Proses tersebut berdasarkan pada temuan arkeologis terbaru di Situs Bongal, Tapanuli Tengah, serta pada kajian ulang terhadap jejak komunitas Muslim di pelabuhan-pelabuhan dagang, seperti Lamuri dan Barus. Atas dasar tersebut, jilid III ini menemukan bahwa Nusantara sudah memiliki hubungan internasional dengan orang-orang dari Asia Barat (Timur Tengah), baik sebelum maupun setelah abad ke-7 M. Hubungan ini masih menggunakan perangkat maritim, yang sudah ada pada abad-abad sebelumnya, yang berkaitan dengan perdagangan global antara Nusantara dan Asia Barat. Perdagangan ini, khususnya dalam hal kekayaan alam aromatik hasil hutan, seperti kemenyan, gaharu, dan khususnya getah kapur, yang dihasilkan dari Bandar Fanshur di Pantai Barat Sumatera.
Substansi. Substansi utama jilid III ini terletak pada narasinya mengenai jaringan dagang maritim di Samudera Hindia yang menjadi penghubung utama antara Nusantara dan pusatpusat Islam di Asia Barat (Timur Tengah). Jalur maritim ini bukan sekedar membawa komoditas dagang dan teknologi, tetapi juga ajaran Islam, nilai-nilai sosial, dan cara pandang baru tentang masyarakat, yang kemudian membentuk komunitas Muslim awal di Nusantara.

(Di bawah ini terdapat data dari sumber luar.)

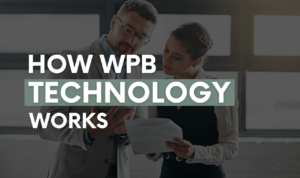 How WPB Technology Works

Melalui pengaruh hubungan lintas kawasan antara Nusantara dan pusat-pusat Islam di Asia Barat (Timur Tengah), sejumlah kerajaan Islam (kesultanan) muncul dan berkembang.
Kesultanan ini menjadikan Islam tidak hanya sebagai agama, tetapi juga sebagai kekuatan budaya, politik, dan hukum.

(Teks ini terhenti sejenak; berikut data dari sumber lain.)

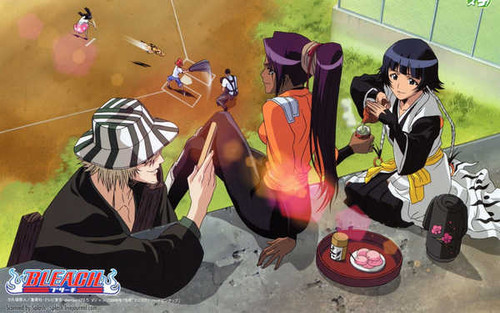 Poster Bleach Bleach APC024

Signifikansi. Signifikansi Jilid III ini dalam konteks sejarah Indonesia secara keseluruhan terletak pada penerimaan masyarakat dan penguasa terhadap kedudukan Islam sebagai bagian penting dari proses pembentukan identitas dan peradaban lokal sejak abad ke-7 M hingga awal abad ke-17 M. Jilid ini juga menampilkan wajah Islam Nusantara yang bersifat inklusif, yaitu menghargai keragaman, dan adaptif terhadap (tidak meninggalkan) budaya yang sudah ada di Nusantara.

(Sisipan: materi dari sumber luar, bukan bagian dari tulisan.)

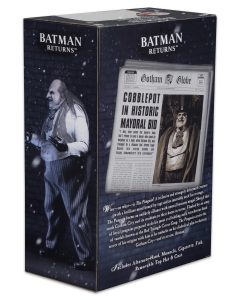 NECAOnline.com | 1200w 61443 Mayor Penquin pkg3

Corak keberislaman ini akan menjadi warisan penting dalam sejarah Indonesia hingga masa kini.
Tema dan ruang lingkup. Berdasarkan tema dan ruang lingkup isinya, jilid III menjadi jembatan antara masa awal Islam masuk pada abad ke-7 M ke Nusantara dan masa perkembangan Islam yang lebih luas pada abad ke-13 M, terutama melalui peran para sufi dengan ajaran tasawuf mereka. Oleh karena itu, jilid III ini juga menjadi penghubung menuju pembahasan, yang ada dalam Jilid IV (Interaksi dengan Barat: Kompetisi dan Aliansi).
Jilid IV melanjutkan pembahasan proses Islamisasi dengan menyoroti pembentukan kesultanankesultanan Islam dari abad ke-16 M hingga abad ke-18 M.
Benang merah (hubungan). Hubungan antara jilid III dengan jilid berikutnya, jilid IV, terletak pada perkembangan warisan keilmuan Islam. Warisan ini mencakup hukum Islam, pendidikan agama, dan perkembangan kehidupan intelektual, yang tumbuh subur di bawah perlindungan kesultanan-kesultanan Islam. Seiring dengan terbentuknya kesultanankesultanan Islam, pengaruh Islam pun semakin kuat dan berkembang luas, terutama dalam kehidupan sosial, keagamaan, dan kebudayaan masyarakat di Nusantara.
Jilid III fokus pada hubungan global antara Nusantara dengan Asia Barat (Timur Tengah) dari sebelum abad ke-7 M sampai abad ke- 16 M, dan sedikit mencakup awal abad ke-17 M.
Adapun jilid berikutnya, jilid IV, menaruh perhatian besar terhadap aktivitas intelektual, sosial dan politik kesultanankesultanan Islam, serta hubungan kesultanan ini dengan bangsa Eropa, baik dalam persaingan, aliansi, kerja sama, maupun diplomasi.